===== Records supplied

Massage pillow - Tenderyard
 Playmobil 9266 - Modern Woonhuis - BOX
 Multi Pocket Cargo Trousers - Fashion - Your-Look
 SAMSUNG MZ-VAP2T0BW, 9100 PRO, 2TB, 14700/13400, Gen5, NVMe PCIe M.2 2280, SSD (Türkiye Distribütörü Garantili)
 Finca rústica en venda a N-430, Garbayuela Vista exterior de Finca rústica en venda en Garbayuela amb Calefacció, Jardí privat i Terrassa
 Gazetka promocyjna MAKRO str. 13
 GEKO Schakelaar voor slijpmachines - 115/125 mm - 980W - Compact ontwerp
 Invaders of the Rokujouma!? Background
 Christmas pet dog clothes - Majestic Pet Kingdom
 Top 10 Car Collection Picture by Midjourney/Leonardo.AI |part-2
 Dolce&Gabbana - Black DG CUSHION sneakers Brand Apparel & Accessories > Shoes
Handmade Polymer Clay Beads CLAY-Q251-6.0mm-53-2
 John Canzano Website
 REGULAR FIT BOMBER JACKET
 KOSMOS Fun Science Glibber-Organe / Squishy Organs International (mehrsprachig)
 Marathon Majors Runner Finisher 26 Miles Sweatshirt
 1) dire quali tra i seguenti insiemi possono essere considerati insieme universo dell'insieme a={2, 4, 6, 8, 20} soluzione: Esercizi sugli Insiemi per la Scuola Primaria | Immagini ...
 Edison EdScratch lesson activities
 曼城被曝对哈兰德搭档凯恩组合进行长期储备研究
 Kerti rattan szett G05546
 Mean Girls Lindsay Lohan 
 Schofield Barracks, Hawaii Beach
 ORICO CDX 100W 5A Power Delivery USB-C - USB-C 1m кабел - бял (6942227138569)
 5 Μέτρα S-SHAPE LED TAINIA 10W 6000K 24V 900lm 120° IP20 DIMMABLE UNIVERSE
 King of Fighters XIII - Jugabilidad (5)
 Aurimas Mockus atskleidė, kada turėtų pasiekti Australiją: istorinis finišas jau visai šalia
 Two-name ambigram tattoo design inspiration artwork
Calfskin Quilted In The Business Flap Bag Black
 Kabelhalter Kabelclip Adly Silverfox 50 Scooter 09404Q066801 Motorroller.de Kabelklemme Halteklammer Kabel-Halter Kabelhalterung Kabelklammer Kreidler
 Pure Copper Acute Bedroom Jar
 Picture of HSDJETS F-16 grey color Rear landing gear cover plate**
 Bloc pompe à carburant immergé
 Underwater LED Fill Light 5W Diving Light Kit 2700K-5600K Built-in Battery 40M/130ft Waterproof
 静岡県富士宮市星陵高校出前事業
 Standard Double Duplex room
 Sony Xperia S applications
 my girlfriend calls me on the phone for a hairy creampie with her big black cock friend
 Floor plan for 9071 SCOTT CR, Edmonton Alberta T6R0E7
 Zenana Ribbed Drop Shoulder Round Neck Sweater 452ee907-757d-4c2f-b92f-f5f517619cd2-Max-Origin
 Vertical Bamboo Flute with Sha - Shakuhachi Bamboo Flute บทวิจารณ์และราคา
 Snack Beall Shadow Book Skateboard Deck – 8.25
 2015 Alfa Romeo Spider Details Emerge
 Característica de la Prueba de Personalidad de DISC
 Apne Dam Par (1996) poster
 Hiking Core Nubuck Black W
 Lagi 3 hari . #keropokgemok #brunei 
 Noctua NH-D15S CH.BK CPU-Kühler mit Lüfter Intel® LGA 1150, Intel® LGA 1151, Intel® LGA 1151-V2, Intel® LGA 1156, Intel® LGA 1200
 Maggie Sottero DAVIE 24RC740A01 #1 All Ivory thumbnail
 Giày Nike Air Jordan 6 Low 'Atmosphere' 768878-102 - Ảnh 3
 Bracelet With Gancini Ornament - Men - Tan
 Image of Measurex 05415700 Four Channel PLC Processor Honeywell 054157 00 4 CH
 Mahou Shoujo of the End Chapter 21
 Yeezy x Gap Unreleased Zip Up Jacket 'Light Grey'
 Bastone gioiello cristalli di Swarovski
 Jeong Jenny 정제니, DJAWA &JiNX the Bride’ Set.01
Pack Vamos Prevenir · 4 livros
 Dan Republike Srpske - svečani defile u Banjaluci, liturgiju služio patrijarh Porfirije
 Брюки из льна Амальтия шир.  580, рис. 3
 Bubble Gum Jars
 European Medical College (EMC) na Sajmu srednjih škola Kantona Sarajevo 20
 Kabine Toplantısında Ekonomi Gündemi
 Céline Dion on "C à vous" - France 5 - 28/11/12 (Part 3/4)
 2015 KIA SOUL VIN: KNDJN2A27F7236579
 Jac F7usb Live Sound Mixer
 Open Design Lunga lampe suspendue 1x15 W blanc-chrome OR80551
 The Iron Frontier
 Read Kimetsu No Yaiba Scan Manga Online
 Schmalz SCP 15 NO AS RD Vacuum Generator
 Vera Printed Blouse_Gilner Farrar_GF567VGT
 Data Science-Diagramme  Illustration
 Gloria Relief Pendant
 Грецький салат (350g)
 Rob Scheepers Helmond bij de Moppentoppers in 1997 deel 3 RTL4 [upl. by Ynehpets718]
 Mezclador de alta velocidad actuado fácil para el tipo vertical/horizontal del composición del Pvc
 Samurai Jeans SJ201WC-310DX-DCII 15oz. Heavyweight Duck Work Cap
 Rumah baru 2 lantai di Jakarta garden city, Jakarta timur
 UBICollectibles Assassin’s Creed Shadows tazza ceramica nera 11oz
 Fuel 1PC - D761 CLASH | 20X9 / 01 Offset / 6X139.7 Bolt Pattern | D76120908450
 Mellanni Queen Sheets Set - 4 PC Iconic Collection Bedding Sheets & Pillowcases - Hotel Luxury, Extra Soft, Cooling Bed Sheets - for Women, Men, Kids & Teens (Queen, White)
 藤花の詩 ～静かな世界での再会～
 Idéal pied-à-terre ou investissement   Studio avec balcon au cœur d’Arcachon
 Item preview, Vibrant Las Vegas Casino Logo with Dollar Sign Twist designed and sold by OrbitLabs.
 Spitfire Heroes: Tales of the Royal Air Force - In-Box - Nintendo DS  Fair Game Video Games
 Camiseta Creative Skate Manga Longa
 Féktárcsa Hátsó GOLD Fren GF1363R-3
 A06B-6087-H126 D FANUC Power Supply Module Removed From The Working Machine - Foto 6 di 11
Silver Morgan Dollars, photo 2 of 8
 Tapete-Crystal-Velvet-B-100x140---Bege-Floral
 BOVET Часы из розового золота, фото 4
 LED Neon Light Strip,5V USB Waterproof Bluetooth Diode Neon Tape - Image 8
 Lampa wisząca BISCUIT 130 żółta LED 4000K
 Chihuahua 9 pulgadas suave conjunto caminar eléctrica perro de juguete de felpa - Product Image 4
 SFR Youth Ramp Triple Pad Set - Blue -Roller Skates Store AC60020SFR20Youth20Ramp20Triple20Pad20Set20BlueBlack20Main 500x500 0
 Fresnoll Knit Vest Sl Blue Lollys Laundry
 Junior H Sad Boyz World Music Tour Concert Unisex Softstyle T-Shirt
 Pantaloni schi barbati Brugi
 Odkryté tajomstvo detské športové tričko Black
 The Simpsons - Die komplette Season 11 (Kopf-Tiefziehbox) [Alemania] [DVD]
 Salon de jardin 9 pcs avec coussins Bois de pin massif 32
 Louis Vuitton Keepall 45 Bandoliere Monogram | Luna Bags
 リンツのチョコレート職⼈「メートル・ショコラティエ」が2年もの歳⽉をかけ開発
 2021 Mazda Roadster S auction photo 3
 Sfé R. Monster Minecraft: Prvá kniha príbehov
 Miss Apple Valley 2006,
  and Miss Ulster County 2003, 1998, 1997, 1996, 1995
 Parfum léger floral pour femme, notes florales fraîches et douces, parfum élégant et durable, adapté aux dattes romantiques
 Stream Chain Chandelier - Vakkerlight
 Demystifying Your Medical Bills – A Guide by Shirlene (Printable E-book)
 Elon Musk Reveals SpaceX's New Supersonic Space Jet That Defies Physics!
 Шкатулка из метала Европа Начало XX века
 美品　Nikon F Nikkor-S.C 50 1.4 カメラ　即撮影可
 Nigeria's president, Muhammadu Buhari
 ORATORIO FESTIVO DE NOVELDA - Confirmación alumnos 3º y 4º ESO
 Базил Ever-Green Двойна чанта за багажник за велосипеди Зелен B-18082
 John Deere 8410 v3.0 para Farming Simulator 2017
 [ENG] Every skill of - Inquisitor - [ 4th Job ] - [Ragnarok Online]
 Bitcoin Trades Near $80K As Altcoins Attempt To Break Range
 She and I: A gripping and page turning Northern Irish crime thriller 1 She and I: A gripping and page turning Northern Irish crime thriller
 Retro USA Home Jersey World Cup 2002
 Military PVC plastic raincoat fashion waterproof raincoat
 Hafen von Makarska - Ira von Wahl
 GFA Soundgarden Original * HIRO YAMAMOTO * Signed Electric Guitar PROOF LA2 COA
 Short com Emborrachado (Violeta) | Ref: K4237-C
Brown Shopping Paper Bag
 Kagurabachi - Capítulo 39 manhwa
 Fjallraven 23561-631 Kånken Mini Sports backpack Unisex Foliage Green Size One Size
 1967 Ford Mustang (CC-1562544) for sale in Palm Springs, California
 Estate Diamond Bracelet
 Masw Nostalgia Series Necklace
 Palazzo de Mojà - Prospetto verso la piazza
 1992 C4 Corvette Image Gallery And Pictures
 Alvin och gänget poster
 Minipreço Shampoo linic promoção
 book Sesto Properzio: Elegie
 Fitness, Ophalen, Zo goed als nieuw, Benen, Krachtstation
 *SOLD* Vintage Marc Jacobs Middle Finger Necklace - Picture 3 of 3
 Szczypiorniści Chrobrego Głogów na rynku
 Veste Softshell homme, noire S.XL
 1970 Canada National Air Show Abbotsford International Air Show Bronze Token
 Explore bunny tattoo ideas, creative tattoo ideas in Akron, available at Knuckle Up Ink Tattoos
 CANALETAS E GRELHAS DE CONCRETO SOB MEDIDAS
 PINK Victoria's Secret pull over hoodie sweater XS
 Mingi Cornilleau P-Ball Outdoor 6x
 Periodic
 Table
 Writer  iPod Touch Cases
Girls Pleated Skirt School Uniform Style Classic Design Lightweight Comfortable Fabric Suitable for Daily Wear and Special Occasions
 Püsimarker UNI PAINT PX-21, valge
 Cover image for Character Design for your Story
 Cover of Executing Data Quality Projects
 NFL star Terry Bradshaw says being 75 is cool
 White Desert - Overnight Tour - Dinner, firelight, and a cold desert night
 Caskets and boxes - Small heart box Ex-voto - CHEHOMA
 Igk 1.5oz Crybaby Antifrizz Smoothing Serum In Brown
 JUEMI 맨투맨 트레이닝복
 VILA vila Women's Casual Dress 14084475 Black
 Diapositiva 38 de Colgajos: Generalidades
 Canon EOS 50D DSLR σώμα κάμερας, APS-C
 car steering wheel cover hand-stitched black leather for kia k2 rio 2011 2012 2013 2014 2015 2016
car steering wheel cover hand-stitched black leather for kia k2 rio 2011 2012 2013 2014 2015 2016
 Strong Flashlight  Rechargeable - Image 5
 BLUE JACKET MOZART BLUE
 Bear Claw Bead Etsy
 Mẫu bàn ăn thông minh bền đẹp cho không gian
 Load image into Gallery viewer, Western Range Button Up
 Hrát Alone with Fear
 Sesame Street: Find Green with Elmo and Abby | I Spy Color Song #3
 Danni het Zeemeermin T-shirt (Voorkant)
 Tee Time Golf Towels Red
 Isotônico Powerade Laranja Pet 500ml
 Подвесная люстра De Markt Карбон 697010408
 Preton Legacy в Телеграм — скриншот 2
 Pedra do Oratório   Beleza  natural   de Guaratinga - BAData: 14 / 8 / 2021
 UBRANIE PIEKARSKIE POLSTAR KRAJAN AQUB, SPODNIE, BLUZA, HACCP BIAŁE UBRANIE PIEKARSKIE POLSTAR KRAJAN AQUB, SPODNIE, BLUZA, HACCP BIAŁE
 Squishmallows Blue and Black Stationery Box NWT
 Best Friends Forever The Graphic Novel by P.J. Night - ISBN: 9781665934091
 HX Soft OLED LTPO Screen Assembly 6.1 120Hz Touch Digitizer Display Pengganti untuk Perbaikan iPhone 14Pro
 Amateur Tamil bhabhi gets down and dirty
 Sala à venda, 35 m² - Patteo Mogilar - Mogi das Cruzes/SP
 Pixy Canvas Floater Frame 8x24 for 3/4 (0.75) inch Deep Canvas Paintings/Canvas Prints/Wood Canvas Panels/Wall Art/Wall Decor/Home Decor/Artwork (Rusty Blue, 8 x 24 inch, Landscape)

==========

### Task requirements
Whatever else the listing above holds, retype exactly only the lines from the one containing "Rechargeable - Image 5" to the one containing "Sala à venda, 35", both ends kept.

### Response
 Strong Flashlight  Rechargeable - Image 5
 BLUE JACKET MOZART BLUE
 Bear Claw Bead Etsy
 Mẫu bàn ăn thông minh bền đẹp cho không gian
 Load image into Gallery viewer, Western Range Button Up
 Hrát Alone with Fear
 Sesame Street: Find Green with Elmo and Abby | I Spy Color Song #3
 Danni het Zeemeermin T-shirt (Voorkant)
 Tee Time Golf Towels Red
 Isotônico Powerade Laranja Pet 500ml
 Подвесная люстра De Markt Карбон 697010408
 Preton Legacy в Телеграм — скриншот 2
 Pedra do Oratório   Beleza  natural   de Guaratinga - BAData: 14 / 8 / 2021
 UBRANIE PIEKARSKIE POLSTAR KRAJAN AQUB, SPODNIE, BLUZA, HACCP BIAŁE UBRANIE PIEKARSKIE POLSTAR KRAJAN AQUB, SPODNIE, BLUZA, HACCP BIAŁE
 Squishmallows Blue and Black Stationery Box NWT
 Best Friends Forever The Graphic Novel by P.J. Night - ISBN: 9781665934091
 HX Soft OLED LTPO Screen Assembly 6.1 120Hz Touch Digitizer Display Pengganti untuk Perbaikan iPhone 14Pro
 Amateur Tamil bhabhi gets down and dirty
 Sala à venda, 35 m² - Patteo Mogilar - Mogi das Cruzes/SP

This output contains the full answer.